In the same way as the second half of 2019, 2020 was a great year for Tesla's bulls, but sad and devastating for short sellers of the company's shares.
Traders who have bet against the Tesla are down as much as $1.25 billion in mark-to-market losses after Monday, according to data from financial-analytics firm S3 Partners. On Monday, Tesla broke above $500 per share for the first time ever and continued to gain, ending the day up early 10% at $524.86 per share.
"With 2020 losses mounting, we should see a continuation and probably an acceleration of Tesla's multi-month short squeeze," Ihor Dusaniwsky, the managing director of predictive analytics at S3, wrote in a Monday note. "Those with lower profit and loss pain thresholds will likely be the first to cover, or exit the short trade," he added.
Traders shorting Tesla didn't have a profitable 2019, and were down roughly $2.9 billion in mark-to-market losses for the year, according to S3 data. This year isn't going much better for Tesla shorts. Dusaniwsky wrote:
"In less than two weeks, they’ve nearly matched last year’s losses, down -$2.80 billion in net-of-financing mark-to-market losses, including -$1.25 billion in losses on today’s +9.77% price move."
Tesla's stock gains have been recently fueled by solid 2019 vehicle delivery numbers and optimism around the new Gigafactory in Shanghai. In addition, a number of Wall Street analysts have boosted their target prices for Tesla.
Argus Research analyst Bill Selesky raised his 12-month price target on Tesla to $556 from $396. Such an increase in prices, Selesky justified by the fact that Tesla achieved record production and supply of cars in the 4th quarter of 2019. The total supply in 2019 amounted to 367,500, and was 50% higher than in 2018.
Yesterday, Oppenheimer analyst Colin Rush raised Tesla's target stock price from $385 per share to $612 per share. He claims the company has reached a “critical scale” to support sustainable free cash flows.
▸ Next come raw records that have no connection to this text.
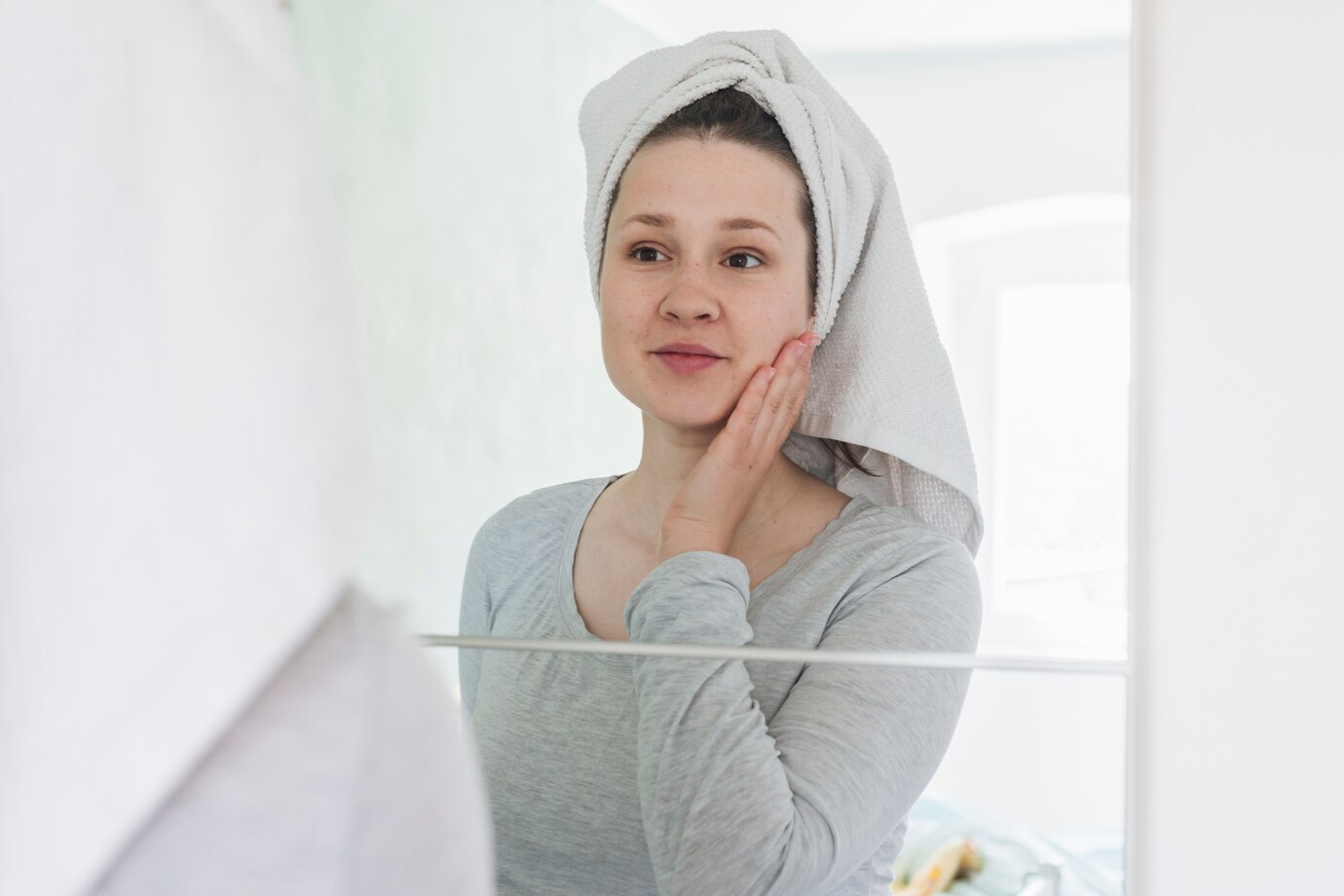 Simak, 10 kebiasaan membuat wajah awet muda (Freepik) - Image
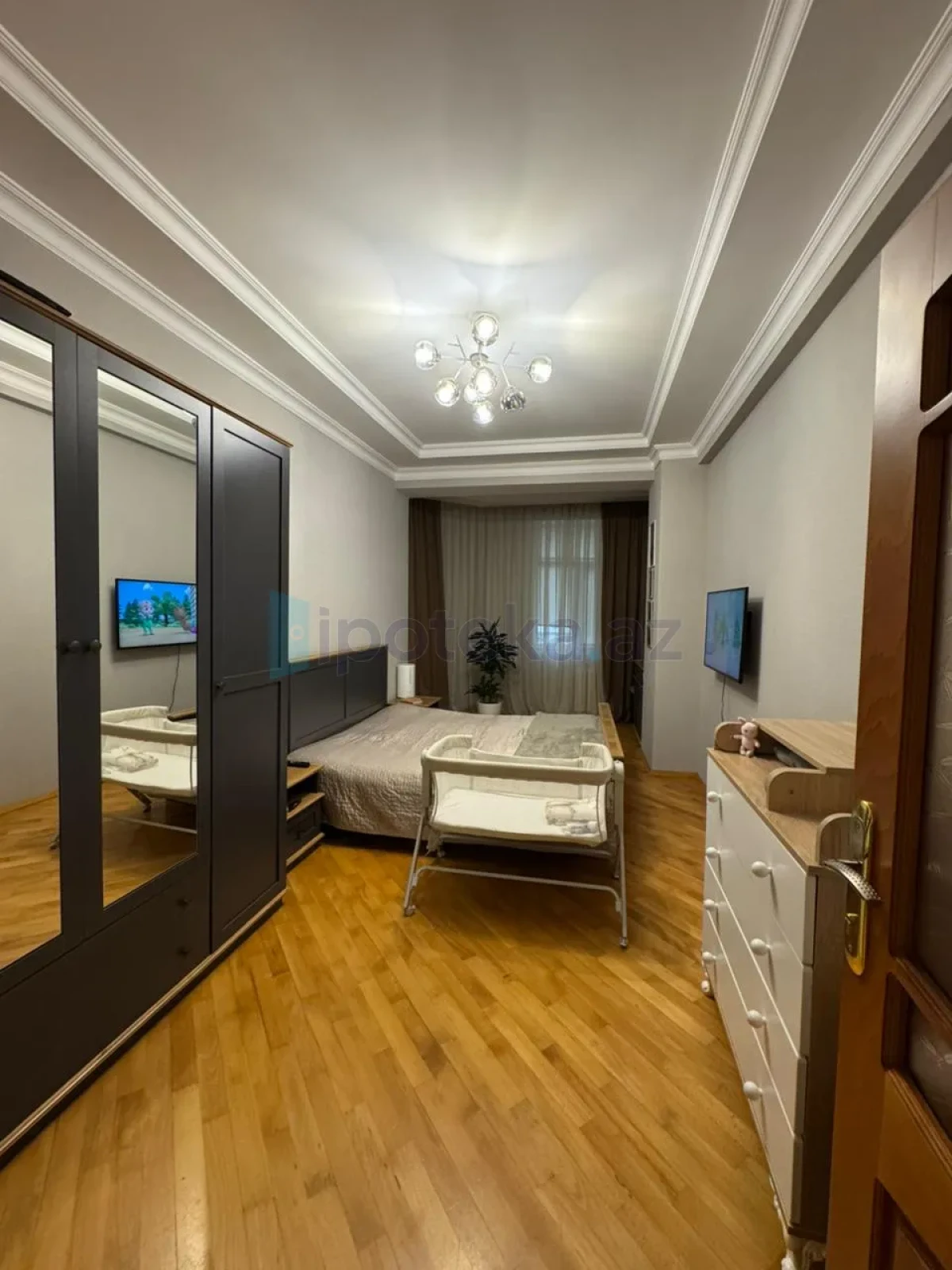 Satılır 3 otaqlı yeni tikili 140 m²
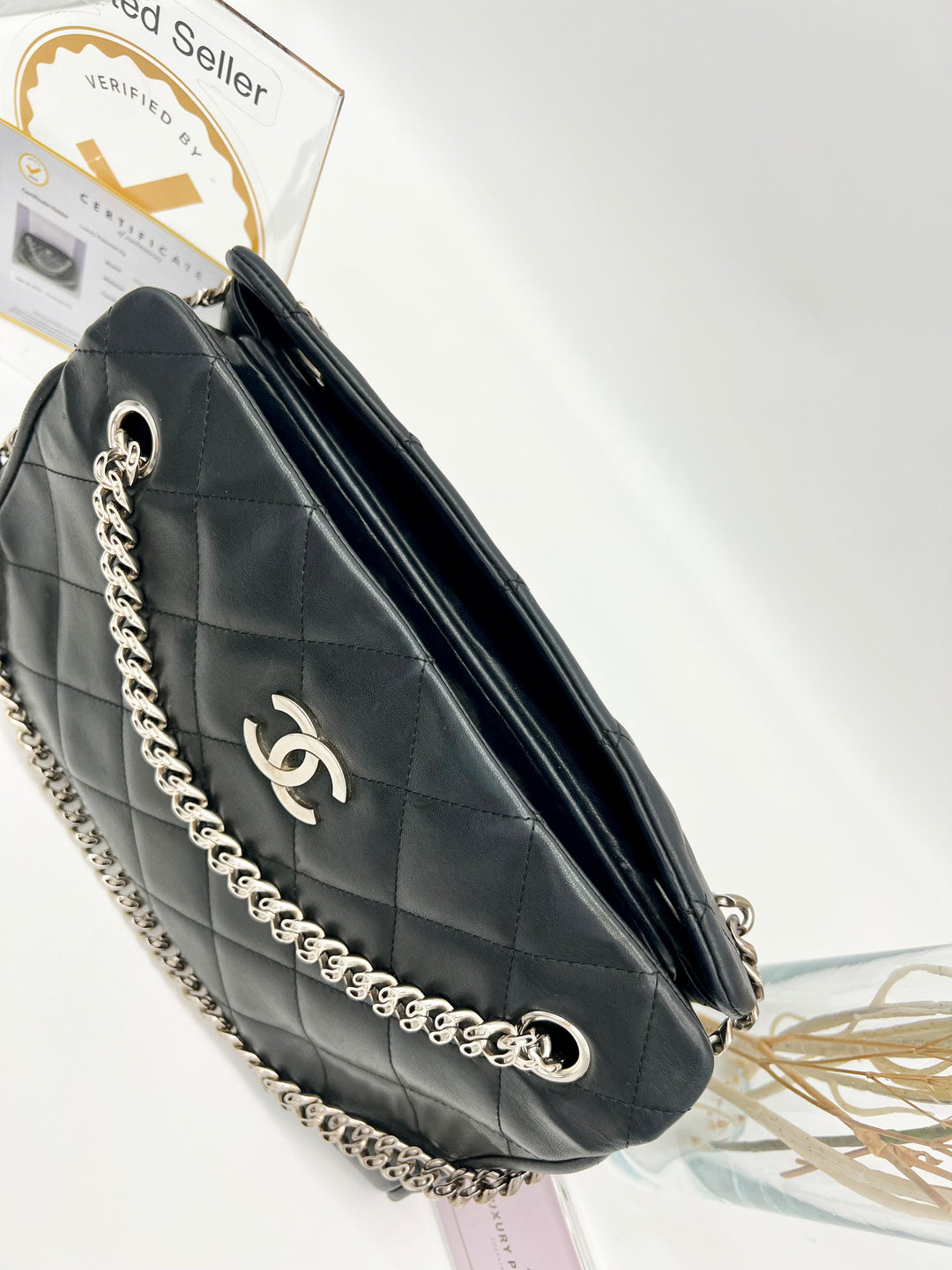 CHANEL VINTAGE QUILTED SHOULDER BAG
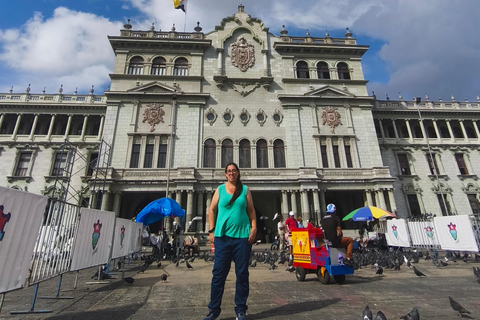 Tour of La Aurora Zoo, Historic Center, and Ciudad Cayalá in Guatemala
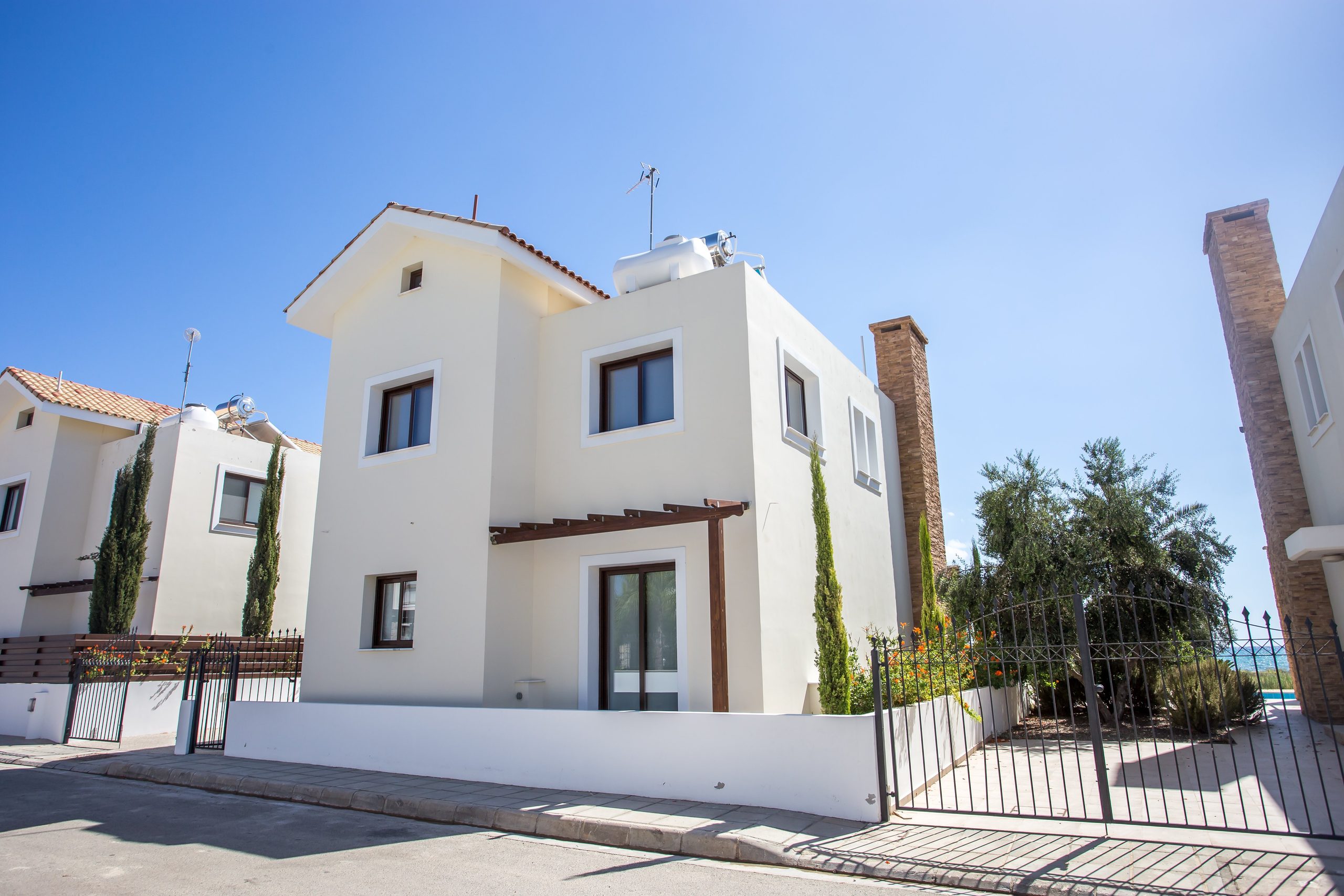 5 BR Villa in Agia Thekla, Famagusta photo 3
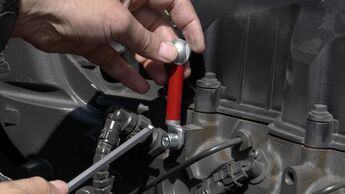 Einbau von Sniptec-Magnet am Motor.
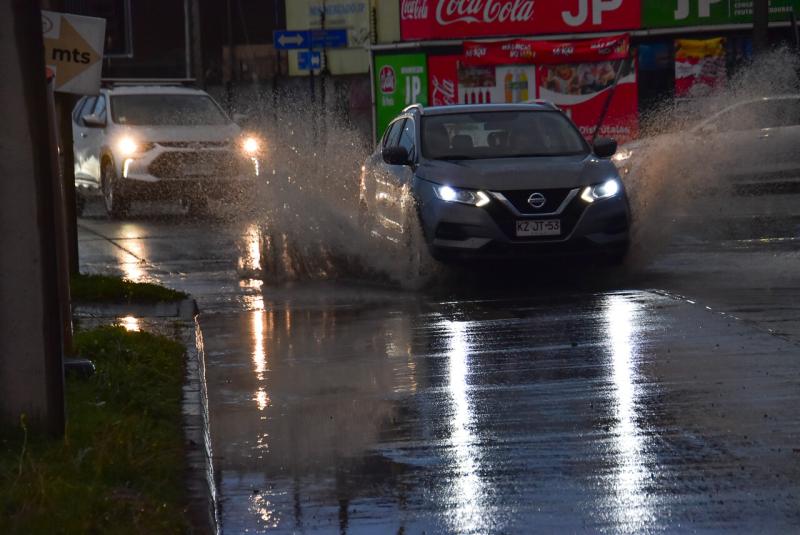 Mineduc anuncia suspensión de clases en varias regiones del país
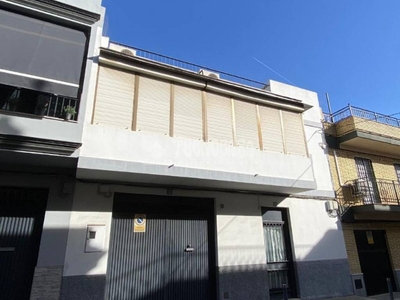 Venta Casa adosada Mairena del Aljarafe. A reformar plaza de aparcamiento con balcón 321 m²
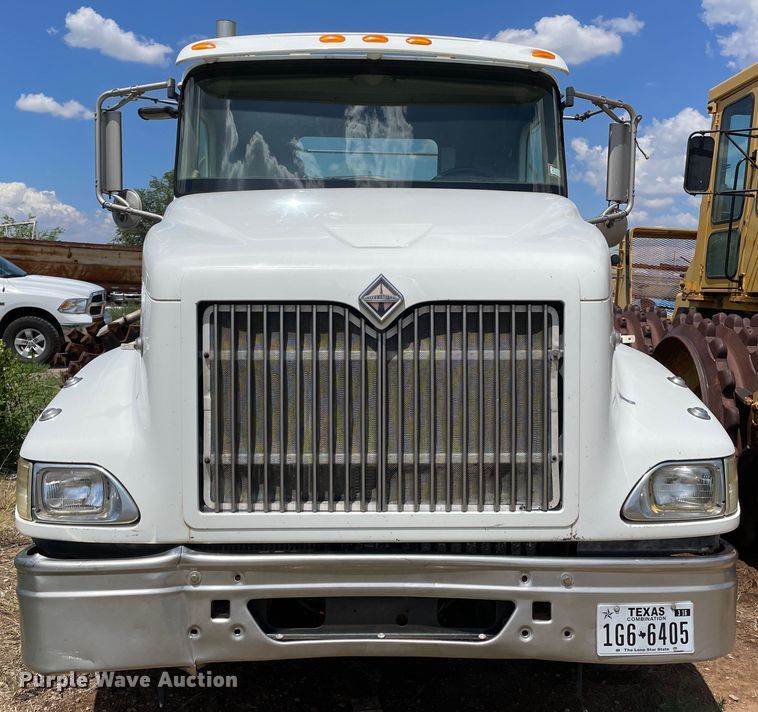 image for item DJ5039 2006 International 9200i  semi truck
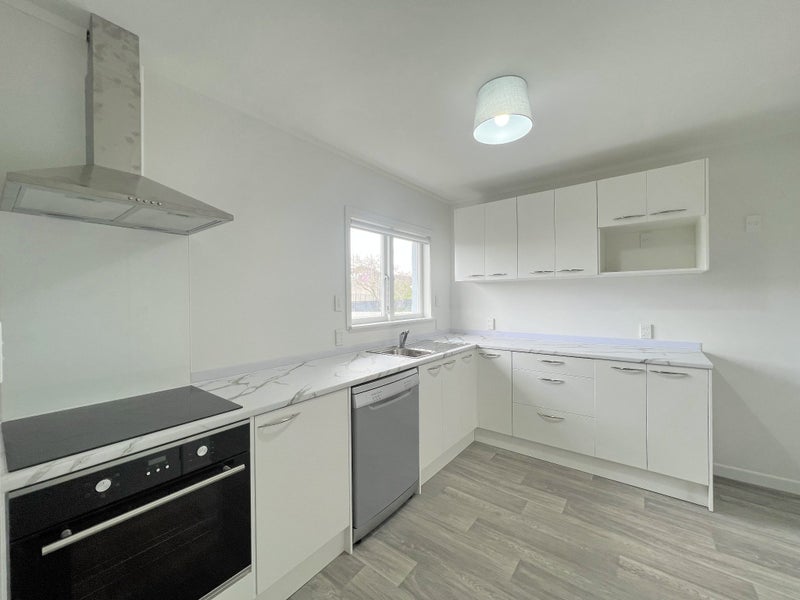 36 St Leonards Road, Kelston, Auckland - Carousel 2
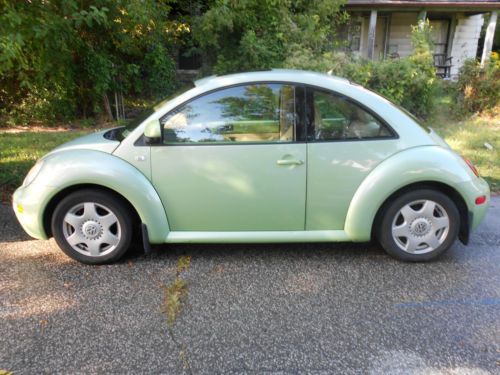 2000 volkswagen beetle gls hatchback 2-door 1.8l, motivated seller, make offer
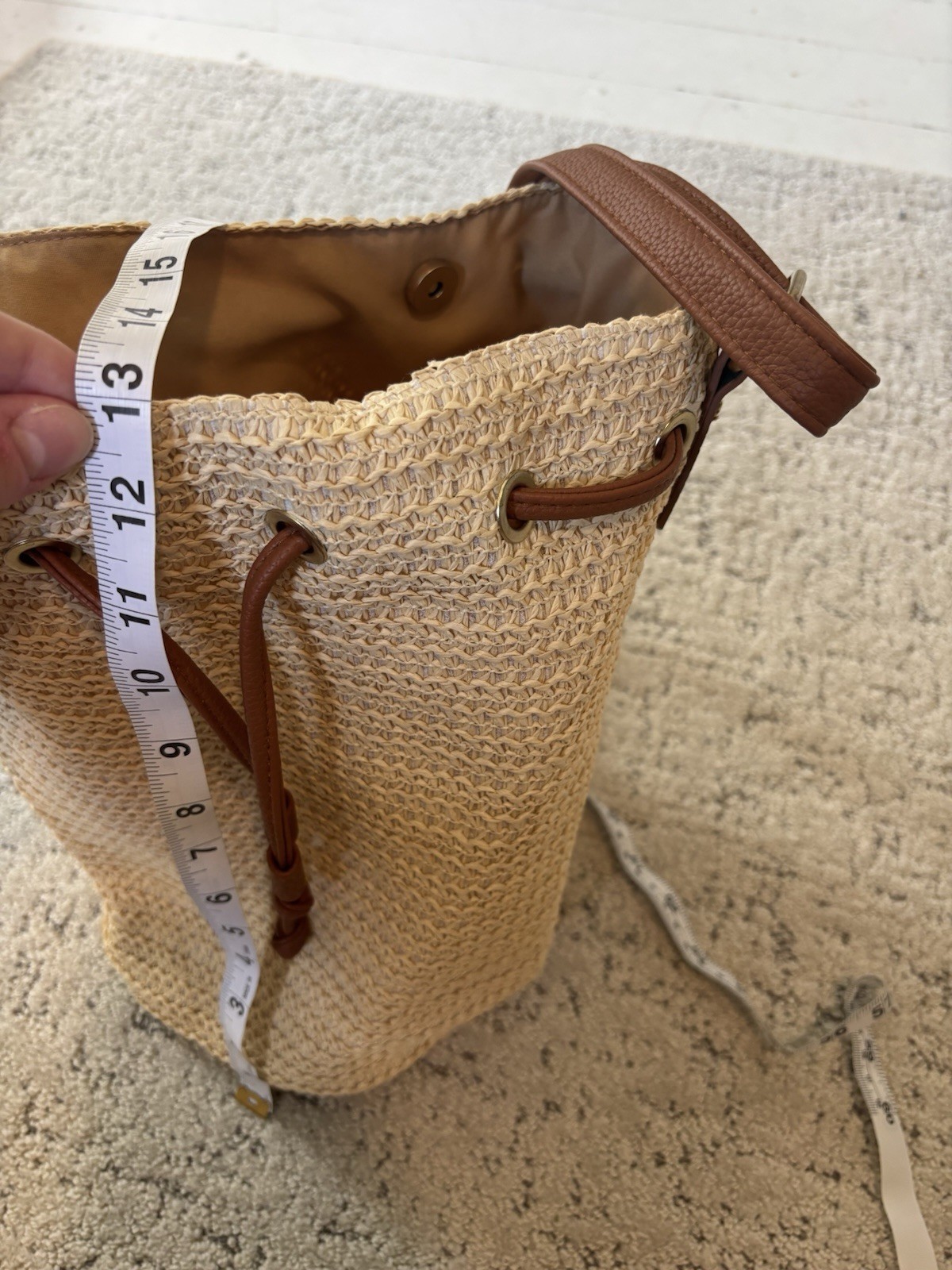 Woven Bucket Drawstring Shoulder Bag Beige/Brown w/ Pocket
He also suggests that a company could also pose an “existential threat” to transport companies that have no ambition or ability to innovate at the fast pace of Tesla. Analyst believes Tesla has "key advantages" over its competitors in powertrain design and battery technology, ADAS fleet size, roadmap to energy independence and consumer enthusiasm.
Jefferies analyst Philippe Houchois raised his price target for Tesla to $600 from $400 and keeps a Buy rating on the shares. Tesla is the only car manufacturer engaged in a "positive-sum game" in electric vehicles amid rising market acceptance, and its auto business should turn profitable this year excluding tax credits, contends the analyst. Further, Houchois believes the company "balance sheet de-risking makes old and new growth opportunities viable, from battery tech to stationary and autonomy." The analyst, who boosted his price target after incorporating the company non-auto valuation drivers, also thinks consensus estimates for 2020 look "reasonable and conservative."
Even though Tesla is one of the most popular shorts —second only to Apple in the domestic market, according to S3 data— it's been a rough one for traders. Since 2016, when S3 started calculating short side data, Tesla shorts are down about $11.44 billion in net-of-financing mark-to-market losses, Dusaniwsky wrote.
TSLA short interest is $12.79 billion; 26.74 million shares shorted; 19.99% of its float; and a 0.30% stock borrow fee. TSLA is the second largest short in the domestic market behind Apple Inc (APPL).
"The recent rally may be the final tipping point for the mother of all short squeezes," Dusaniwsky said. "If shorts begin to cover in size, we expect the Tesla rally to get turbo charged to even higher levels."